> ASSIGNMENT: Images don't belong in the copy. Output the rest of the data exactly.
[Opening INFORMATION SUPPLIED section]
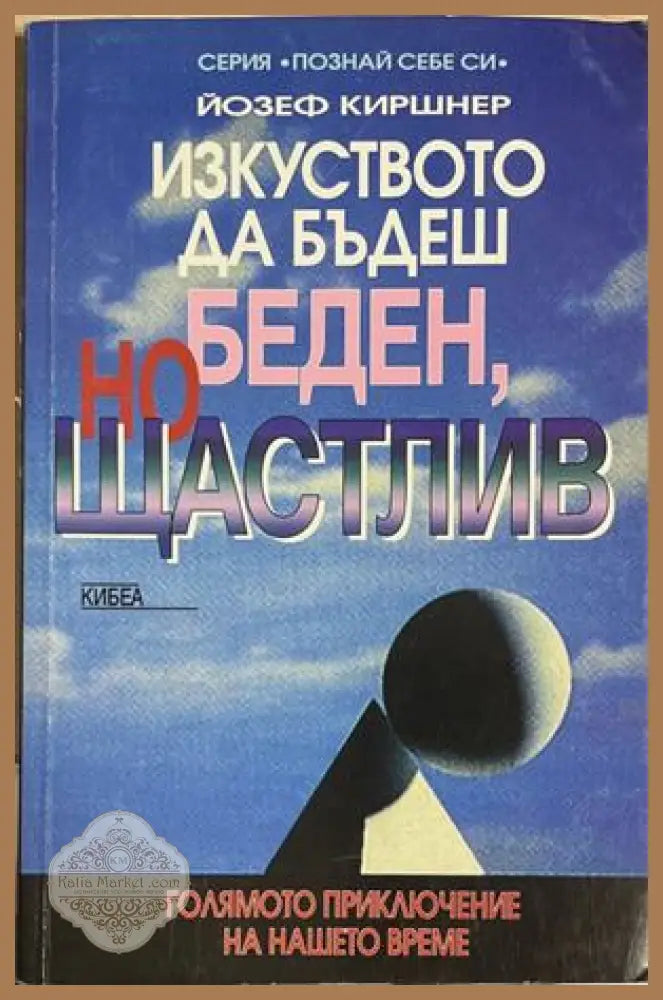 Изкуството да бъдеш беден, но щастлив - Йозеф Киршнер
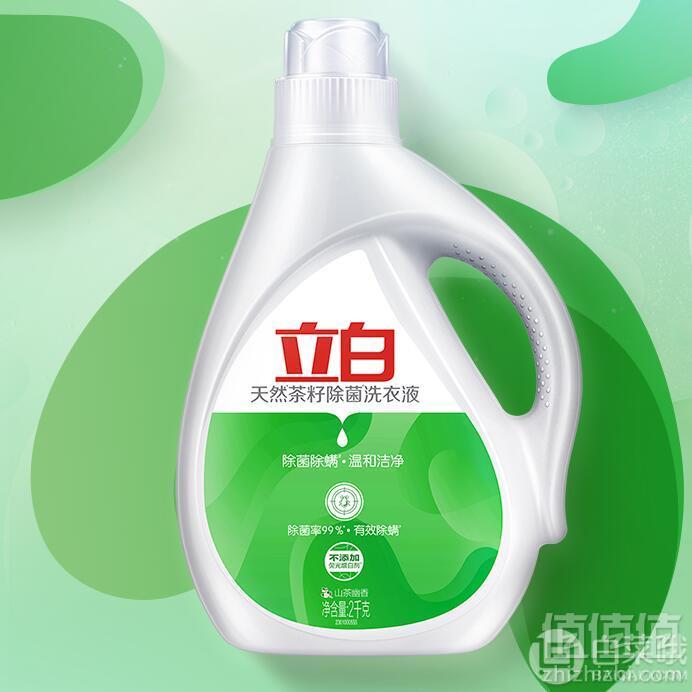 立白 茶籽精华洗衣液16斤家庭装69元包邮
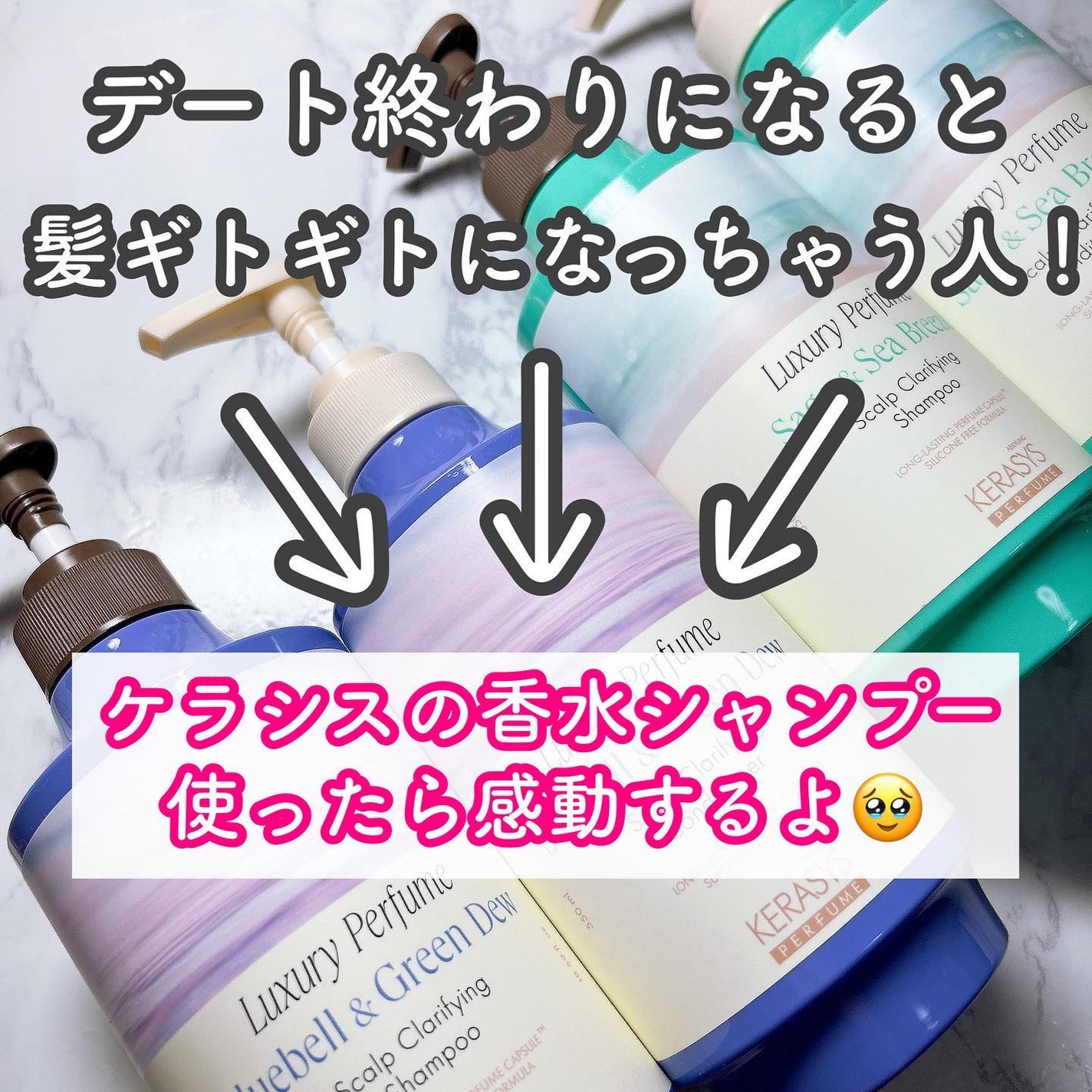 ããð on LIPS ãè€ããããã¢ã«ãªããªãããïŒâ¡1æ¥ã®çµããã«ã¯é«ªã®æ¯ãã¹ãšã¹ãš..ãïŒ2æç®ïŒ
[Closing INFORMATION SUPPLIED section]
> RESPONSE:
 Изкуството да бъдеш беден, но щастлив - Йозеф Киршнер
 立白 茶籽精华洗衣液16斤家庭装69元包邮
 ããð on LIPS ãè€ããããã¢ã«ãªããªãããïŒâ¡1æ¥ã®çµããã«ã¯é«ªã®æ¯ãã¹ãšã¹ãš..ãïŒ2æç®ïŒ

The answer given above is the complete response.